**What to do:**
Below are some entries. Copy each line in them that holds "Ontario".

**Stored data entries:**
·····

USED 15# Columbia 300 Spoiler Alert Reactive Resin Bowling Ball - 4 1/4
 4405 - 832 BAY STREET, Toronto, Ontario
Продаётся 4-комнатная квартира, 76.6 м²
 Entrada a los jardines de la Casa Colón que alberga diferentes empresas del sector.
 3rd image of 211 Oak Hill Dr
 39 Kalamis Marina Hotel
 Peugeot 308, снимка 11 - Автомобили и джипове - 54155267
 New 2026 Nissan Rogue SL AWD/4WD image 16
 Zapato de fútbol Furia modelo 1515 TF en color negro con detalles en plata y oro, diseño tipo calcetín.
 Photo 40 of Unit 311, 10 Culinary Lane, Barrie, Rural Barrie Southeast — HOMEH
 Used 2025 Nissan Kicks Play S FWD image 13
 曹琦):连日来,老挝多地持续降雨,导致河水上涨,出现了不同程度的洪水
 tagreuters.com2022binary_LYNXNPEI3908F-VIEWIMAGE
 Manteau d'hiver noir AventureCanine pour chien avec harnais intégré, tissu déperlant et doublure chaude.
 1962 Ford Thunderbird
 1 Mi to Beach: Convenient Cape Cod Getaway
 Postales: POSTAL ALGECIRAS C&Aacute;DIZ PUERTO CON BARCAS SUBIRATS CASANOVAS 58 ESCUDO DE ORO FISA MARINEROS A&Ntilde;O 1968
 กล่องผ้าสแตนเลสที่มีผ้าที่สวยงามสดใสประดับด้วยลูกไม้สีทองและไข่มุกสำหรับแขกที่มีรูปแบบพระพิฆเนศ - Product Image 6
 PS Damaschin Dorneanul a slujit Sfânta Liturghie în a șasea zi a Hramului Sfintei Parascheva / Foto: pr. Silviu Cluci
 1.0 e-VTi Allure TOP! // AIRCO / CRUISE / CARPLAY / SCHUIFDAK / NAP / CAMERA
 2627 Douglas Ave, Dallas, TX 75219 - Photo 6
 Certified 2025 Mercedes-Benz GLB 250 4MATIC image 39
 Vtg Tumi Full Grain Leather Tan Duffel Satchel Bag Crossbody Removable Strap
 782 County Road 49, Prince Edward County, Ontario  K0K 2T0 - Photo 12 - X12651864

·····

**Answer box:**
 4405 - 832 BAY STREET, Toronto, Ontario
 782 County Road 49, Prince Edward County, Ontario  K0K 2T0 - Photo 12 - X12651864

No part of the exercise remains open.